La rete nazionale coinvolgerà orti di diverso tipo: urbani, sociali, conviviali, collettivi oppure terapeutici per esempio. Potranno trovarsi all’interno di diversi contesti, da quelli delle strutture ospedaliere alle carceri, dagli istituti sino alle biblioteche, l’idea generale è infatti “coinvolgere la platea più ampia possibile di soggetti e di realtà desiderosi di sporcarsi le mani e diventare attivisti dell’orto“. Per entrare a far parte della rete è sufficiente: “Avere un orto, su un terreno che può essere di proprietà sia pubblica sia di privati; essere almeno dieci soci Slow Food: in questo modo si costituisce la Comunità Slow Food dell’orto in questione; aderire alla Carta dei princìpi“. 

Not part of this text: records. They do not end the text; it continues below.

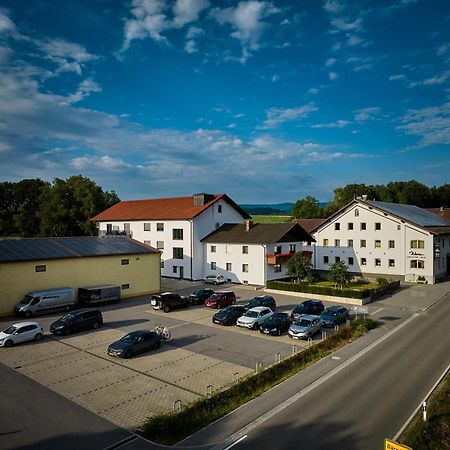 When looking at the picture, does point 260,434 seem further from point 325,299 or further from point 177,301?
point 325,299

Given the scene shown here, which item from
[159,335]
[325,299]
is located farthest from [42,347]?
[325,299]

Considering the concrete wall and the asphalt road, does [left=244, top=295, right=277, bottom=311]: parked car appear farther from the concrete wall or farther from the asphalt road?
the concrete wall

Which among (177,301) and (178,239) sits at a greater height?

Diventando rete, si avrà accesso a momenti di formazione, a incontri dedicati, a eventi legati agli aspetti agronomici così come approfondimenti sulle pratiche di coltivazione e si prenderà parte a iniziative a tema che cambieranno annualmente, oltre che il diritto a un accesso diretto allo sportello per aiuto tecnico sulla gestione dei terreni. “L’orto – spiega D’Onorio – è davvero una buona palestra per tutti. Richiede fatica, ma restituisce anche molta soddisfazione”. E soprattutto, vale la pena ricordarlo per la Giornata mondiale della Biodiversità, è “un luogo in cui mettere in atto le buone pratiche per la natura e il ripristino della biodiversità che oggi ha bisogno di sostegno”. Negli orti di comunità Slow Food saranno infatti coltivate soprattutto varietà autoctone, si preferiranno i semi non ibridi, verrà praticata la rotazione delle colture e ci sarà il rispetto per le erbe spontanee  e per le pratiche orticole agroecologiche come compostaggio e sovescio”. Da Slow Food l’esortazione è dunque “quella di cogliere le opportunità offerte dall’orto per seguire una dieta più varia e sana, e di organizzare momenti di riflessione sul sistema agroalimentare, per diventare cittadini più consapevoli e attivi”.